En un pozo profundo vivía una colonia de ranas. Llevaban su vida, tenían sus costumbres, encontraban su alimento y croaban a gusto haciendo resonar las paredes del pozo. Protegidas por su aislamiento, vivían en paz, y sólo tenían que guardarse del cubo que, de vez en cuando, alguien lanzaba desde arriba para sacar agua del fondo del pozo. Daban la alarma en cuanto oían el ruido de la polea, se sumergían bajo el agua, o se apretaban contra la pared, y allí esperaban hasta que el cubo era izado y pasaba el peligro.

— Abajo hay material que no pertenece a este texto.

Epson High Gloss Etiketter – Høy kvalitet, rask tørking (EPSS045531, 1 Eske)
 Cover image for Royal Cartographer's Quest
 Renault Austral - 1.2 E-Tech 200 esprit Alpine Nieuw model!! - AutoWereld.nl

Fue a una rana joven a quien se le ocurrió pensar que aquel cubo podía ser una oportunidad, y no un peligro como pensaban las demás. Allá arriba se veía algo así como una claraboya abierta, que cambiaba de aspecto según fuera de día o de noche, y en la que aparecían sombras y luces y formas y colores que hacían presentir que allí había algo digno de conocerse. Y, sobre todo, estaba el rostro de aquella bella figura con trenzas que aparecía fugazmente sobre el brocal del pozo al arrojar y recoger el cubo todos los días. Había que conocer todo aquello. La rana joven habló, y todas las demás se le echaron encima: «Estás loca. Nosotras hemos nacido para estar aquí, y es aquí donde nos va bien y somos felices. Fuera del pozo la vida es angustiosa y absurda. ¿Cómo te atreves a ir contra las costumbres de todas? ¿Es que una rana jovenzuela como tú puede saber más que la experiencia de todas nosotras?».

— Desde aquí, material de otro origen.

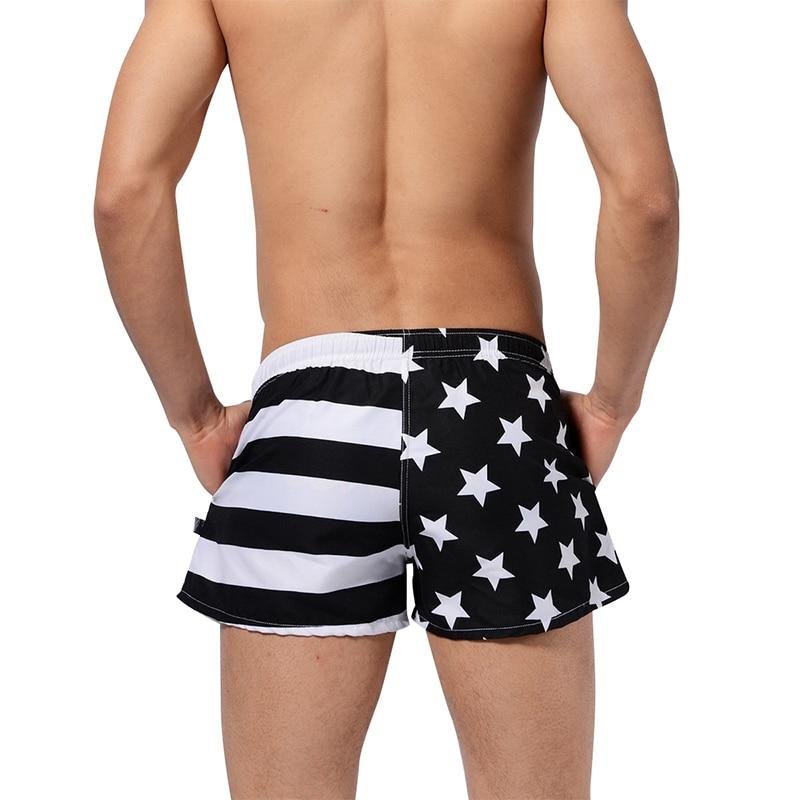 USA Flag Men's Swim Suit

La rana jovenzuela esperó pacientemente la próxima bajada del cubo. Se colocó estratégicamente, y en el momento en que el cubo comenzaba a subir dio un salto sobre él, ante el asombro y el horror de la comunidad batracia. El consejo de ancianos abominó de semejante actuación y prohibió que se hablara de ella. Había que salvaguardar la seguridad de la vida en el pozo.

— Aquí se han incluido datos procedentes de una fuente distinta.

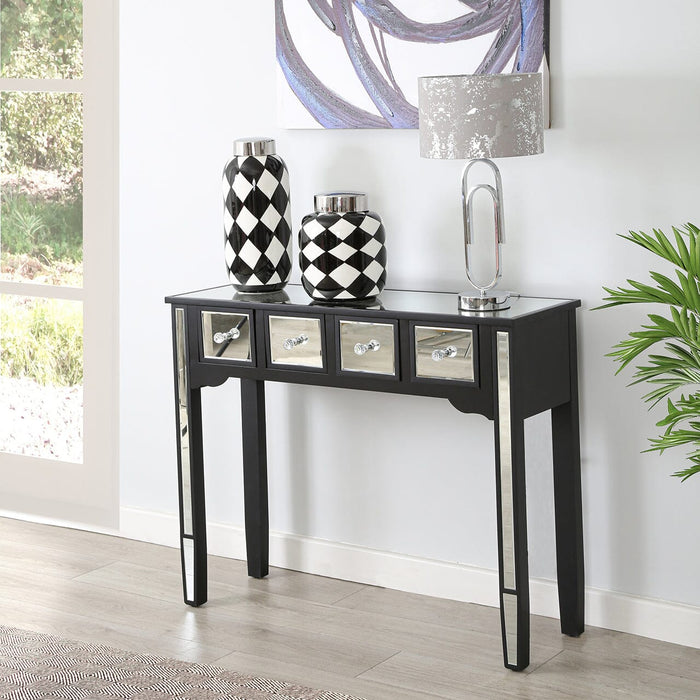 Value Laurel Black Console Table Console Table CIMC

Pasaron los meses y un buen día la rana aventurera se asomó al brocal del pozo. Desde abajo, todas miraban sin atreverse a decir nada. La rana fugitiva les habló de cómo se vivía fuera, de la variedad de alimento, de la libertad, del sol y las plantas, de cómo había sitio para todas, porque era muy grande y nunca se acaba de ver lo que había a lo lejos.» Desde abajo, las fuerzas del orden advirtieron a la rana que, si bajaba, sería ejecutada por alta traición. Hubo mucho revuelo, y algunas ranas quisieron comentar la propuesta, pero las autoridades las acallaron enseguida y la vida volvió a la normalidad de siempre. Sin embargo, a la mañana siguiente, la niña rubia de las trenzas se quedó asombrada cuando, al sacar el cubo, vio que estaba lleno de ranas.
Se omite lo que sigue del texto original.